Dabei wissen alle, dass dem Einfluss von Landesregierungen auf die Außenpolitik enge Grenzen gesetzt sind und die Koalitionsabsprachen nur symbolischen Wert haben können. Die wichtigen Entscheidungen werden durch die Bundesregierung vorbereitet, die sie vom Bundestag absegnen lässt. Der seit über zwei Jahren mit der „Zeitenwende“ verbundene Kurs der Aufrüstung und Militarisierung der Außenpolitik lässt sich nicht über Koalitionsbestimmungen für Landesregierungen aus den Angeln heben. Dennoch bewerten wir natürlich jede Stimmabgabe für das BSW statt für die AfD als positiv. Aber eine längerfristige Perspektive sehen wir für das BSW nicht und eine vorantreibende Funktion in den kommenden Klassenauseinandersetzungen wird sie mit ihren sozialdemokratischen Vorstellungen nicht gewinnen können. Denn gesellschaftspolitisch positioniert es sich als typisch sozialdemokratische Organisation mit all ihren Schwächen und Ungereimtheiten. So greift sie die in der Arbeiterschaft weit verbreiteten Urteile und Vorurteile auf, um Stimmen zu sammeln. Dazu gehört u.a. die Furcht vor Zuwanderung und der Stärkung von Minderheitenrechten (Stichwort LGBQ und Gender). Insofern war die Gründung des BSW nur eine logische Konsequenz aus der typischen sozialdemokratischen Koalitions- und Tolerierungspolitik der Linkspartei in der Vergangenheit. Dabei hat sie sich des als lästig empfundenen, ideologischen Programmballasts entledigt.

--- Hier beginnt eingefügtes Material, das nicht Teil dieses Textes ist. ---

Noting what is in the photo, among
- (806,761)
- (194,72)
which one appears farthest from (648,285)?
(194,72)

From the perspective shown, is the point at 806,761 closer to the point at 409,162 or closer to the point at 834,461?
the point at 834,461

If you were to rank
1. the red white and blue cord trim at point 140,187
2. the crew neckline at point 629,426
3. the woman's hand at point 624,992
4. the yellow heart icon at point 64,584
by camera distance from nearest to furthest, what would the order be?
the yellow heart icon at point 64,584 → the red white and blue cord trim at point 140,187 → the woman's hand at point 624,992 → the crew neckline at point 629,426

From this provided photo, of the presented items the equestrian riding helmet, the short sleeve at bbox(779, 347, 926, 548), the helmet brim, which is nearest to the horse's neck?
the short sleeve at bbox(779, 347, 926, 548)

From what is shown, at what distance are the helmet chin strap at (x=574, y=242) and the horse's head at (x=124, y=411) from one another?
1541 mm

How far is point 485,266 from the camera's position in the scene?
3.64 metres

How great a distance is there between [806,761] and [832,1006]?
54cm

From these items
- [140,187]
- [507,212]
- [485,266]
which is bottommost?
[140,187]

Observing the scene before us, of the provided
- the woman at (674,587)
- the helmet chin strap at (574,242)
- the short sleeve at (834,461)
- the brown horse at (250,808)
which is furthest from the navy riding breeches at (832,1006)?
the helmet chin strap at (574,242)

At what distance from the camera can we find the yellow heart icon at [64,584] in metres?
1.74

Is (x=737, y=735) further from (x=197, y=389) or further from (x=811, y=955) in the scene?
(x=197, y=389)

Die Koalitionsvereinbarung zwischen SPD und BSW für Brandenburg
„Brandenburg ist durch Artikel 2 Absatz 1 seiner Verfassung dem Frieden verpflichtet und strebt die Zusammenarbeit mit anderen Völkern an. Dazu gehört, aktiv zur Sicherung des Friedens beizutragen und ein Bekenntnis zur internationalen Zusammenarbeit. Dieses politische Ziel besteht losgelöst von der Zuständigkeit des Bundes für die Außen- und Verteidigungspolitik.“ Die Unverbindlichkeit der Formulierungen betrifft nicht nur die friedenspolitischen Aussagen, es durchzieht die gesamte Koalitionseinigung – mit einer Ausnahme, wie die Frankfurter Rundschau am 27. November 2024 berichtete: „Ein zentraler Punkt der Vereinbarung ist die geplante Erhöhung der Polizeistellen auf 9.000. […] Doch was will Rot-Lila jetzt anders machen? Angesprochen auf die wichtigsten Unterschiede zur Vorgängerregierung sagte Woidke, dass sich SPD und BSW in Brandenburg vielen neuen Herausforderungen stellen müssten. Ein Schwerpunkt in dem neuen Koalitionsvertrag sei sicherlich die Wirtschaft und die Schaffung von Arbeitsplätzen. Insgesamt umfasst der Vertrag unter dem Titel ‚Brandenburg voranbringen – Bewährtes sichern. Neues schaffen‘ 68 Seiten.“
Liest Mensch sich das Parteiprogramm des BSW durch, so fällt eines sofort ins Auge. Es ist zugeschnitten auf die parlamentarische Tätigkeit, auf die angestrebten Regierungsbeteiligungen. Jeglicher Rückgriff auf Fragen des Klassenkampfes oder die Rolle der Gewerkschaften fehlt, wie sie bei den Resten der Linkspartei noch als programmatisches Beiwerk vorhanden ist. Dies wird den Marsch ihres rechten Parteiflügels in die Arme der Herrschenden allerdings nicht aufhalten.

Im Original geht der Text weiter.